Le très bel essai de Nancy Huston, paru en 2004, vient d’être édité en format de poche, à un coût beaucoup plus abordable.
À quoi est dû l’écart grandissant entre ce que nous avons envie de vivre (solidarité, générosité, démocratie) et ce que nous consommons comme culture (transgression, violence, solitude, désespoir) ? C’est ainsi que la quatrième de couverture de Professeurs de désespoir synthétise la question que se pose Nancy Huston dans cet essai audacieux par lequel elle tente de cerner la tendance durable de la littérature à se délecter de noirceur, à commencer par le père fondateur de ces « néantistes », Schopenhauer. Le suivent dans cette imposante galerie de portraits Samuel Beckett, Jean Améry, Charlotte Delbo, Imre Kertész, Thomas Bernhard, Milan Kundera, Elfriede Jelinek, Michel Houellebecq, Sarah Kane, Christine Angot, Linda Lê, chantres encensés d’une « sexualité aussi exhibitionniste que stérile », oubliant la nuance – comme but de l’art – chère à George Sand.
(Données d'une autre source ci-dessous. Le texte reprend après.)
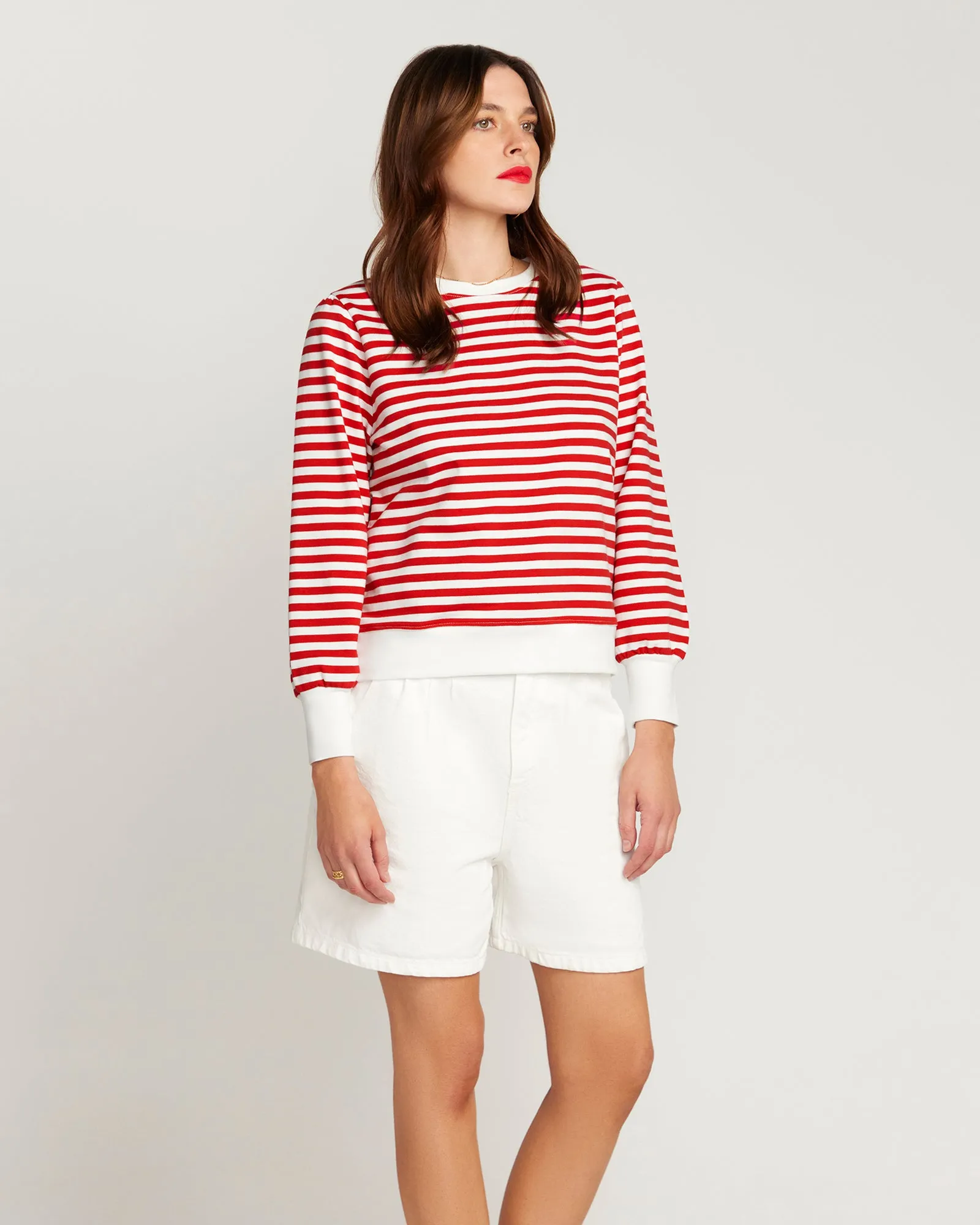 La Camille Breton Stripe Top - Red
Si Nancy Huston dit apprécier certains de ces auteurs, elle note néanmoins que (paradoxalement ?) la majorité sont antiféministes et n’ont pas d’enfant : « […] en général, dans les livres de Kundera, les enfants sont des êtres dangereux, ignorants, néfastes, sadiques et terrifiants ». L’analyse croisée des œuvres est impressionnante et l’on ne peut que rester admiratif devant ce travail d’envergure.
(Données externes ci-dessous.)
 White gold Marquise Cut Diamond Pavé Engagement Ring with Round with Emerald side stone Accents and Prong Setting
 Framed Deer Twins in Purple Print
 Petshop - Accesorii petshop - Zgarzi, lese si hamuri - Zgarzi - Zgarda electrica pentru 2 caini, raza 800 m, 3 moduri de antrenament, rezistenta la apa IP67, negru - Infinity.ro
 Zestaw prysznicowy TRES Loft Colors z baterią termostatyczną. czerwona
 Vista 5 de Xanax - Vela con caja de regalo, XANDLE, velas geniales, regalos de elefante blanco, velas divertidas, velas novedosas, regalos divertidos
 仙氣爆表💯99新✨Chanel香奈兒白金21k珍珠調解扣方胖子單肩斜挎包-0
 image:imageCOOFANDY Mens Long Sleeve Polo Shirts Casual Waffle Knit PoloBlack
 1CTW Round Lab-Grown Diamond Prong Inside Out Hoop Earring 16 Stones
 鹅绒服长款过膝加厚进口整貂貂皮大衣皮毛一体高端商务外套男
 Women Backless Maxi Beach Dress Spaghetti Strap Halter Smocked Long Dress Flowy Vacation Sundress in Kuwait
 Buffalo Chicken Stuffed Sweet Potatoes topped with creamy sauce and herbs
L’optique de l’auteure est très intelligemment plaidée, la langue est tout à la fois explicite, élégante et lumineuse, le propos souvent mordant : « Lorsque les gens sont soumis à des pressions intolérables et à des menaces constantes, ils sont obligés, s’ils veulent ne pas mourir, de trouver des solutions ; or ces solutions – crime, art ou folie – auront forcément le même caractère extrême que les problèmes qui les ont engendrées ».
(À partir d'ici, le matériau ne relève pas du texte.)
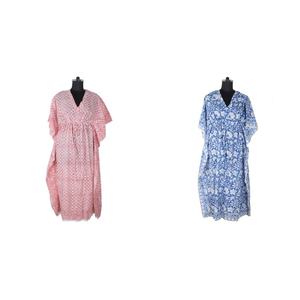 Bat sin mangas playa largo Kaftan mujeres 2025 diseño único vestido Anokhi caftán Maxi vestido Floral bloque estampado Loungewear Anokhi - Product Image 1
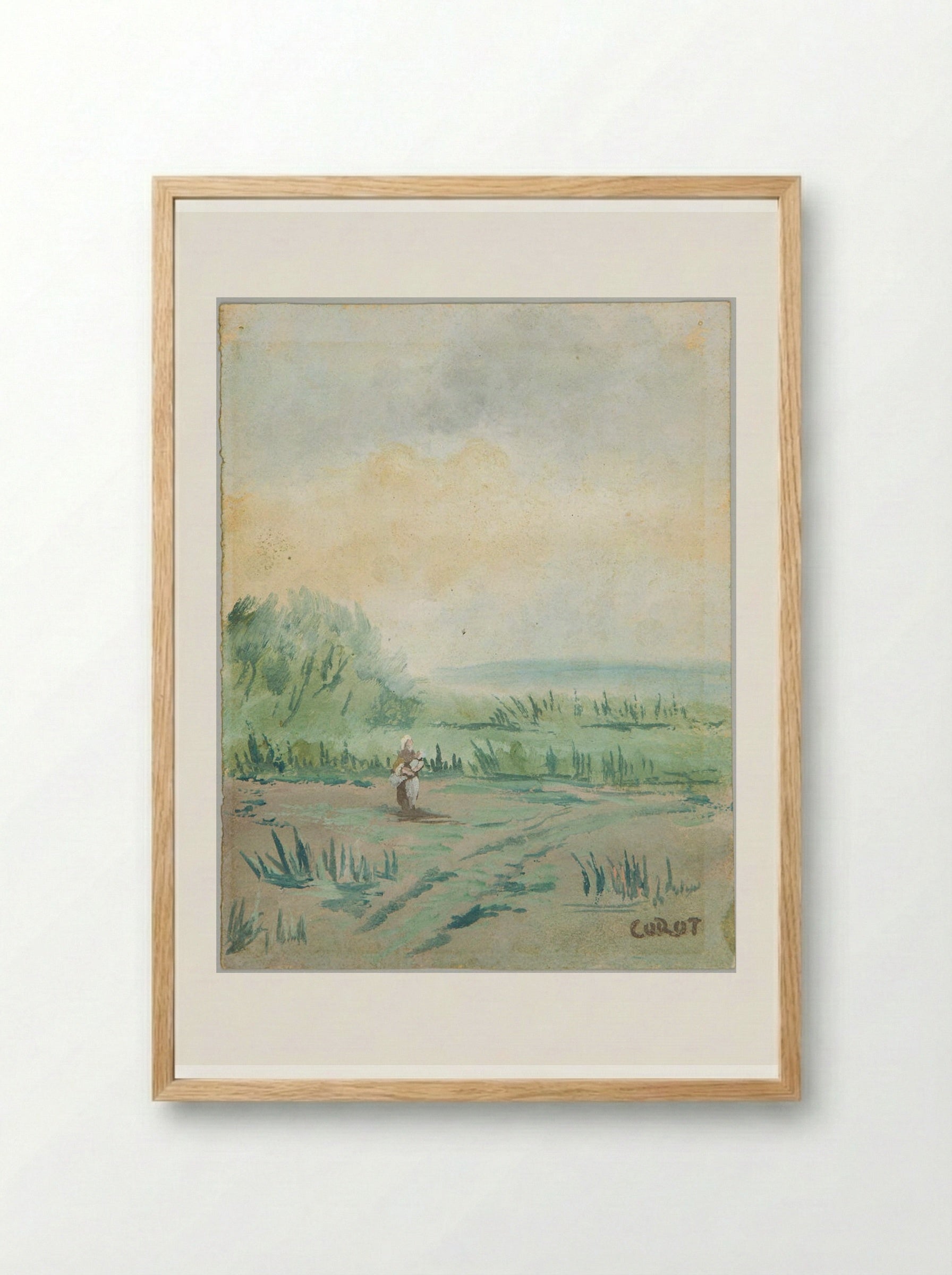 Near the Village of Mont - Jean-Baptiste-Camille Corot - Framed Print Wood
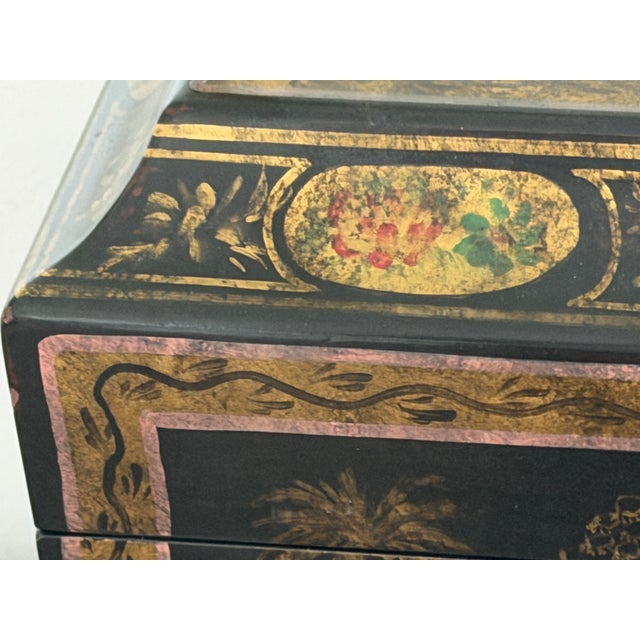 Large Regency Style Black and Gold Chinoiserie Decorated Box For Sale - Image 11 of 12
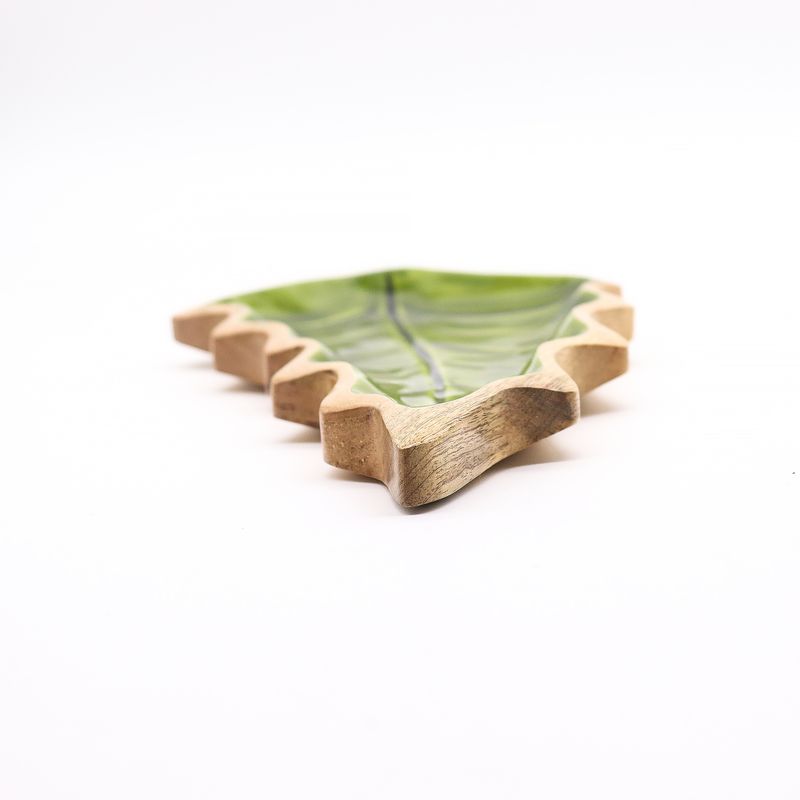 Ztraceni v Lese - Smaltovaná Dřevěná Miska ve Tvaru Listu - 33x17cm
Écrivant que « du côté des lecteurs, la fréquentation des grands textes nihilistes est souvent une expérience exaltante » et que « l’expression du désespoir nous invite à réfléchir, bien plus que celle de la béatitude », Nancy Huston conclut toutefois que « les professeurs de désespoir ont beau s’égosiller, ils ne feront jamais en sorte que la vie soit exclusivement souffrance ». Car tel est le dessein de Nancy Huston : proposer un hymne à la vie, bien loin de la sombre littérature de ces Professeurs de désespoir.